#### Data in this exercise
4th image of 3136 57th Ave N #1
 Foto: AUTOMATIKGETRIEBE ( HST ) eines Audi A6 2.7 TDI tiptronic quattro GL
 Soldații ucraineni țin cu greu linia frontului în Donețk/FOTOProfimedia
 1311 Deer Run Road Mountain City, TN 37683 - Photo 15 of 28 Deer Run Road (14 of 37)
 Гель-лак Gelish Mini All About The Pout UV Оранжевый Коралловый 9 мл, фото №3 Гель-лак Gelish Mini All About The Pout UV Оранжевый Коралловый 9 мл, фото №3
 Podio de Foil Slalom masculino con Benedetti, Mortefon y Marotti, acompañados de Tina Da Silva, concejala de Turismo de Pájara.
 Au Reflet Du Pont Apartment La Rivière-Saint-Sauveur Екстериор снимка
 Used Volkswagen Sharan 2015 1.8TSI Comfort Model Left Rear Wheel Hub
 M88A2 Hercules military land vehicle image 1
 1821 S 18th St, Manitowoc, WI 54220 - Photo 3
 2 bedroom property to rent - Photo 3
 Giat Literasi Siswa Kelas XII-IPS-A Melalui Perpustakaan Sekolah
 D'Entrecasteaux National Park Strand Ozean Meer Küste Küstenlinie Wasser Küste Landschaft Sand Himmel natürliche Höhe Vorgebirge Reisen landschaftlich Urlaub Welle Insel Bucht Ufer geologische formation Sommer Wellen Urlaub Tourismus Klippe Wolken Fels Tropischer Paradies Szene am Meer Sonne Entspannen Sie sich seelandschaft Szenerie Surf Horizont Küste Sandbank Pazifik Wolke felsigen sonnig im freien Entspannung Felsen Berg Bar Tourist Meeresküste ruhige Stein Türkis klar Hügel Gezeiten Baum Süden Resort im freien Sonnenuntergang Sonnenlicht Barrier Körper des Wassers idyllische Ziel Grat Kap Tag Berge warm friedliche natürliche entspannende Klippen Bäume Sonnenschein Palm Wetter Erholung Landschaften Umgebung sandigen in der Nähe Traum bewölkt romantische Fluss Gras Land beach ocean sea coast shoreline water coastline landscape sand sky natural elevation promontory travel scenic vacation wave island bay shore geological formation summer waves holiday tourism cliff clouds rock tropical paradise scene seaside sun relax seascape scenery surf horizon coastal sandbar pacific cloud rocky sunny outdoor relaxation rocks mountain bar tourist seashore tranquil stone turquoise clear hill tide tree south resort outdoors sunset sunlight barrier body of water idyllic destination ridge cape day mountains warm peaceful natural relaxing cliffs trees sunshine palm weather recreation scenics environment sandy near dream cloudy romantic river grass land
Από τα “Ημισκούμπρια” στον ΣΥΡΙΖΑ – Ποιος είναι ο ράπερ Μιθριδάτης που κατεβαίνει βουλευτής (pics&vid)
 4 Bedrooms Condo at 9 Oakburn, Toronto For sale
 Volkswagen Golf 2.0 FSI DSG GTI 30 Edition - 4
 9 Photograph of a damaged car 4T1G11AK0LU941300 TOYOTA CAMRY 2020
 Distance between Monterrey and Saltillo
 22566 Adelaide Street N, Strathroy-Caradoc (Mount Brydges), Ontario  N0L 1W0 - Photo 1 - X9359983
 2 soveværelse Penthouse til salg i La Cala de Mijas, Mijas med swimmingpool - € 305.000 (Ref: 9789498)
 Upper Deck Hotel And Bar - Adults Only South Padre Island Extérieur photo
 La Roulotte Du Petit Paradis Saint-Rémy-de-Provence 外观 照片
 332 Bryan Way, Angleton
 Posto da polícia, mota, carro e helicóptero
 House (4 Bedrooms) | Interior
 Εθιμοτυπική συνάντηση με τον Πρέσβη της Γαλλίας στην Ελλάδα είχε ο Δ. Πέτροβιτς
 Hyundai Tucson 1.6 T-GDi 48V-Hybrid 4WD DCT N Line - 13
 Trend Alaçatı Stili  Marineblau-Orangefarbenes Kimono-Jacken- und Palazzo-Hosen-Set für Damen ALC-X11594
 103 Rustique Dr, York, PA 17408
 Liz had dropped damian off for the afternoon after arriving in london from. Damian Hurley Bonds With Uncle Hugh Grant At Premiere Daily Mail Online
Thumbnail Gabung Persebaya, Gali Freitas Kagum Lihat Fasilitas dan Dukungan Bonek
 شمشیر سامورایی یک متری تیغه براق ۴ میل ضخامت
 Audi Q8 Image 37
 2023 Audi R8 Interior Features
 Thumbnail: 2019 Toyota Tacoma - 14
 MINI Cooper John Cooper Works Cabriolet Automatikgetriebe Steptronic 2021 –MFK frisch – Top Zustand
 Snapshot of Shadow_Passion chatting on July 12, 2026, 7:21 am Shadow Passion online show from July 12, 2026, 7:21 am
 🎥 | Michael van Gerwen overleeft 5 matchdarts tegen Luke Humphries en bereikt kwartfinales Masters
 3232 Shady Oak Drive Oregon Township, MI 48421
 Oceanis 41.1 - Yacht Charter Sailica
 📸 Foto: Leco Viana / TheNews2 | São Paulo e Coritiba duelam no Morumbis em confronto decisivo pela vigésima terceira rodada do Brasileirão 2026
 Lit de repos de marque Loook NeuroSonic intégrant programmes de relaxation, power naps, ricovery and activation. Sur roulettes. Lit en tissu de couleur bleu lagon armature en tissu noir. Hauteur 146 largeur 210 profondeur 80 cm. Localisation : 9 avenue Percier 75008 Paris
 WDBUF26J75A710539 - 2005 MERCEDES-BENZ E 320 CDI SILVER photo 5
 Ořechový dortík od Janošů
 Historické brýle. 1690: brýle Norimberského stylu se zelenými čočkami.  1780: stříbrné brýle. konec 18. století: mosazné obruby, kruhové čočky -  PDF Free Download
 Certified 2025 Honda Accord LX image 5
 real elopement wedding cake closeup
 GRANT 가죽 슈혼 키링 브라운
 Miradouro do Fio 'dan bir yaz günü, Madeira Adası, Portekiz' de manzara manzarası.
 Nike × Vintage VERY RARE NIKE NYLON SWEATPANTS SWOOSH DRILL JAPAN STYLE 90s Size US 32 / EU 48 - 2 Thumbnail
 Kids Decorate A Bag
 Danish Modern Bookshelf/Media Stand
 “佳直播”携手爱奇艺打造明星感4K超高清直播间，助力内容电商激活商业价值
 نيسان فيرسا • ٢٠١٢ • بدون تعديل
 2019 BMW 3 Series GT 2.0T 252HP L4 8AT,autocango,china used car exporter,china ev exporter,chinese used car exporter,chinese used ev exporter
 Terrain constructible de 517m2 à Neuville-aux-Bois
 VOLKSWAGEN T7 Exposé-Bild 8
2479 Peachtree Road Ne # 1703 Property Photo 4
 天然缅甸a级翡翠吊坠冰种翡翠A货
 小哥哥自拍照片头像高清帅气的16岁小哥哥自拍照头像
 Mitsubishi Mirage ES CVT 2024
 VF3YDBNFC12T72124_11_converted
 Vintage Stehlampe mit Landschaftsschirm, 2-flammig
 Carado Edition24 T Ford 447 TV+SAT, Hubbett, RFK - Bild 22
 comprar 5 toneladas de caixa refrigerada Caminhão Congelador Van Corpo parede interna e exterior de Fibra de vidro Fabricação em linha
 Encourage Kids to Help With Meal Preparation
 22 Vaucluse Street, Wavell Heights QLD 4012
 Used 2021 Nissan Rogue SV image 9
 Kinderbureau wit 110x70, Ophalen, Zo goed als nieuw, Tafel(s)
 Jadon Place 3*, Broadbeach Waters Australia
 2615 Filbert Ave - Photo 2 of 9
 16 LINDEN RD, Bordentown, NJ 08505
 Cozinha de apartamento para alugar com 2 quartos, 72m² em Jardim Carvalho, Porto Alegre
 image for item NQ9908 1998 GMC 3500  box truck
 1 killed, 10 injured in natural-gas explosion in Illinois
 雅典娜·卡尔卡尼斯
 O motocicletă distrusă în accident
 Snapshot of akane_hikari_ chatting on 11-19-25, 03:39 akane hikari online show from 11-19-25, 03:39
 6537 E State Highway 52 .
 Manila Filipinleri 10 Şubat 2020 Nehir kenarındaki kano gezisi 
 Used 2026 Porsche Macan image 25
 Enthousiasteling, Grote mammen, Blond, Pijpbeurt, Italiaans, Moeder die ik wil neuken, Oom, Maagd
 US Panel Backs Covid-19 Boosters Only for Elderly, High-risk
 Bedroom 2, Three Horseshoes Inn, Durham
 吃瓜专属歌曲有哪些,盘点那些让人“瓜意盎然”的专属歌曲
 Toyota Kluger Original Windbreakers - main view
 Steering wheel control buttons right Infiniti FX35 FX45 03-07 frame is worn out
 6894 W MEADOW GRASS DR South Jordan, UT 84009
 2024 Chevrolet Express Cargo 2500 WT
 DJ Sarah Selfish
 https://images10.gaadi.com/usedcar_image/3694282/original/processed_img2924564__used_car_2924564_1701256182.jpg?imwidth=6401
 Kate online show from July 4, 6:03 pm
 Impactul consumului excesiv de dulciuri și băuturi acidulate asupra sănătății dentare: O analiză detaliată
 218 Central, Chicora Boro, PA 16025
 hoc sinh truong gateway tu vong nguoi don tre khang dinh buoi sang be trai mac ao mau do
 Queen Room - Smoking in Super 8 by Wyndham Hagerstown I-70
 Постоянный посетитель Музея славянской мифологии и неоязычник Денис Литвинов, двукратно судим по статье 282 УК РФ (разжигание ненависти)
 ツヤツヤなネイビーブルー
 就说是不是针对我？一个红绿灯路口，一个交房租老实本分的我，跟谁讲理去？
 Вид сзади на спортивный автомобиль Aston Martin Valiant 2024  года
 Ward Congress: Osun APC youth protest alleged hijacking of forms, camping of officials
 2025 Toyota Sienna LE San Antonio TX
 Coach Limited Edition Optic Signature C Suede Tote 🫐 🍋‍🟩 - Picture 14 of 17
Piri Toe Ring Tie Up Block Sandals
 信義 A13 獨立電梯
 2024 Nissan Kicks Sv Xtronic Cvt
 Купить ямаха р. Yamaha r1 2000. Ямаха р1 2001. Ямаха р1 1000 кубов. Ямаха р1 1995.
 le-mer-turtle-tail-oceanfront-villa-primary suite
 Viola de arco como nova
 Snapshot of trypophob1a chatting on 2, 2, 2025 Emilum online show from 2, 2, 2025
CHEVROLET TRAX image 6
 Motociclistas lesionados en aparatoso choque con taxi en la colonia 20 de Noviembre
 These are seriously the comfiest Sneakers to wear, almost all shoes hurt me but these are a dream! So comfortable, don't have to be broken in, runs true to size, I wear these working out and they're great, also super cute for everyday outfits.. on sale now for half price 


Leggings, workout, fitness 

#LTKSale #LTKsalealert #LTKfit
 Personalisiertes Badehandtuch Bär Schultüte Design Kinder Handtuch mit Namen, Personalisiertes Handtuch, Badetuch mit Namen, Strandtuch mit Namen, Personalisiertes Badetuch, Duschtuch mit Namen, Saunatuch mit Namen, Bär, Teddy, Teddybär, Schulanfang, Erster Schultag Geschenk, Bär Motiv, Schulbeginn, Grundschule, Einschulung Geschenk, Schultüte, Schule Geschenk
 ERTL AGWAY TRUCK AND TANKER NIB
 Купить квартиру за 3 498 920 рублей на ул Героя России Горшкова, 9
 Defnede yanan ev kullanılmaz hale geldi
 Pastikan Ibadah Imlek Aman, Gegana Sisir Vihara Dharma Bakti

#### Work request
Retype exactly the lines from the first line of the records above through the line containing "Au Reflet Du", both included, and nothing else.

#### Answer for this exercise
4th image of 3136 57th Ave N #1
 Foto: AUTOMATIKGETRIEBE ( HST ) eines Audi A6 2.7 TDI tiptronic quattro GL
 Soldații ucraineni țin cu greu linia frontului în Donețk/FOTOProfimedia
 1311 Deer Run Road Mountain City, TN 37683 - Photo 15 of 28 Deer Run Road (14 of 37)
 Гель-лак Gelish Mini All About The Pout UV Оранжевый Коралловый 9 мл, фото №3 Гель-лак Gelish Mini All About The Pout UV Оранжевый Коралловый 9 мл, фото №3
 Podio de Foil Slalom masculino con Benedetti, Mortefon y Marotti, acompañados de Tina Da Silva, concejala de Turismo de Pájara.
 Au Reflet Du Pont Apartment La Rivière-Saint-Sauveur Екстериор снимка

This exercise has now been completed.